Gregory P. Smith, 24.03.2013 00:48:
On Sat, Mar 23, 2013 at 4:34 PM, Bruce Leban wrote:
On Sat, Mar 23, 2013 at 4:14 PM, Gregory P. Smith wrote:
keep=True defeats the purpose of a caching strategy. An re.compile call within some code somewhere is typically not in a position to know if it is going to be called a lot.
I think the code, as things are now, with dynamic construction at runtime based on a simple test is the best of both worlds to avoid the more complicated cost of calling re.compile and going through its cache logic. If the caching is ever is improved in the future to be faster, the code can arguably be simplified to use re.search or re.match directly and rely solely on the caching.
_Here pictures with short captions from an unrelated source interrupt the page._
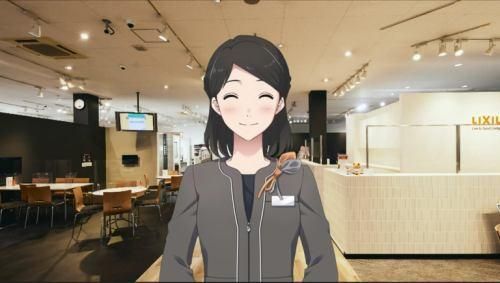LIXIL Advanced Showroom 名古屋のアルバイト・バイト求人情報-04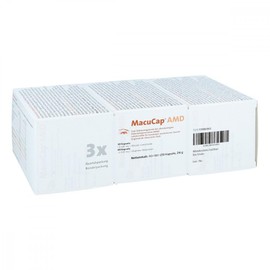 Macucap Amd Capsules Pack of 270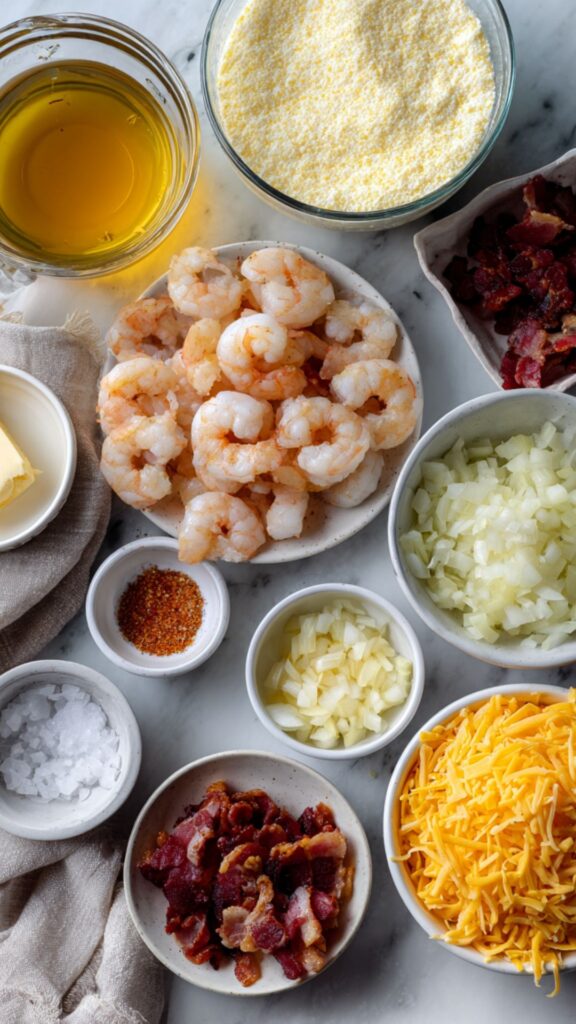 Pioneer Woman Cajun Shrimp and Grits Recipe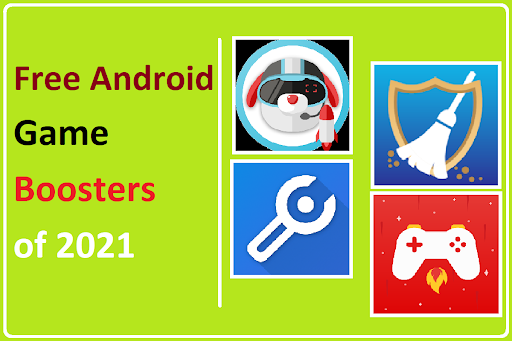 Android Game Boosters For Mobile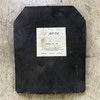 Second Chance AP-IV Level IV Single Body Armor Plate 10x12, Police Trade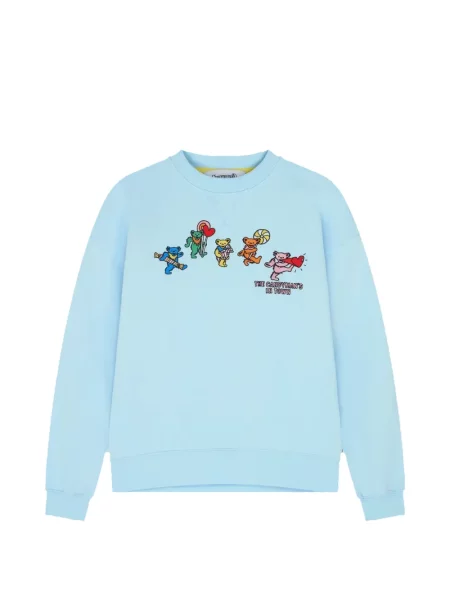 Φούτερ Mira Mikati μπλε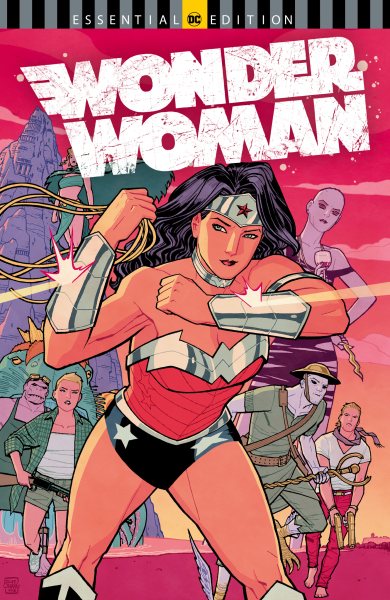 Wonder Woman: Blood and Guts DC Essential Edition, DC Essential Edition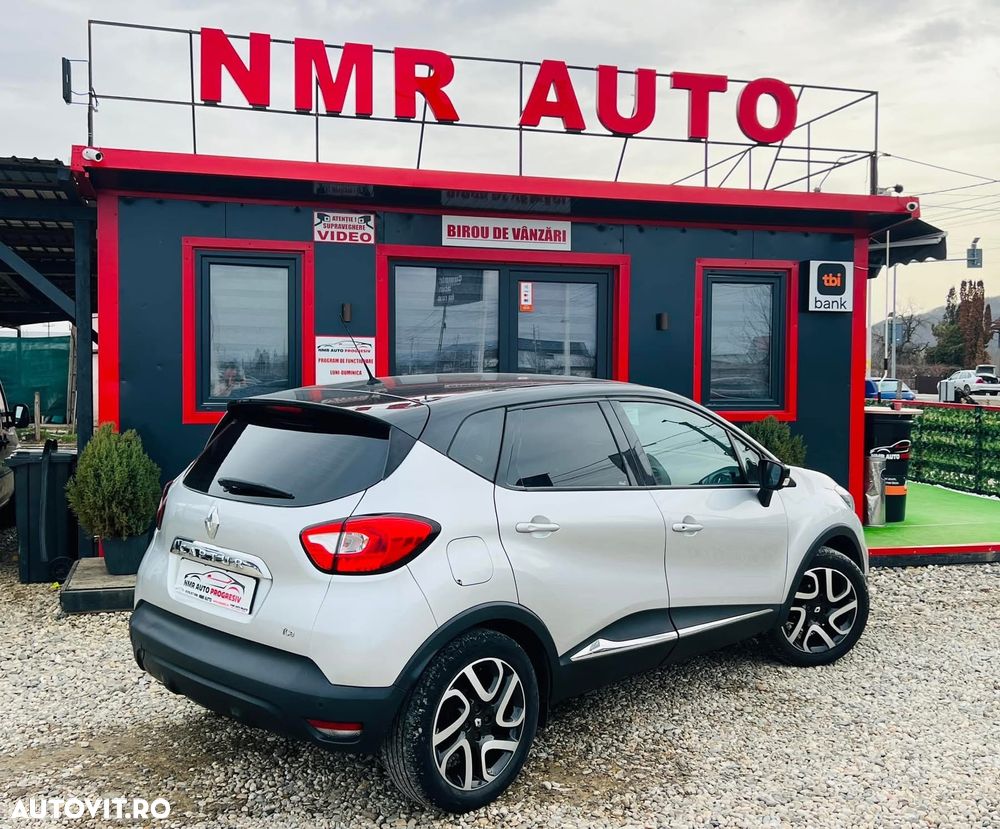 Renault Captur TCe Turbo Stop/Start Dynamique - 5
ie: don't change anything.
Truth is people are currently doing caching themselves, by compiling and then keeping the compiled regex. Saying they're not in a position to know whether or not to do that isn't going to change that. Is it worthwhile having the regex library facilitate this manual caching?
In the absense of profiling numbers showing otherwise, i'd rather see all forms of manual caching like the conditional checks or a keep=True go away as it's dirty and encourages premature "optimization".
If I had been "more aware" of the re internal cache during the last years, I would have avoided at least a couple of re.compile() calls in my code, I guess.
Maybe this is something that the documentation of re.compile() can help with, by telling people explicitly that this apparently cool feature of pre-compiling actually has a drawback in it (startup time + a bit of memory usage) and that they won't notice a runtime difference in most cases anyway.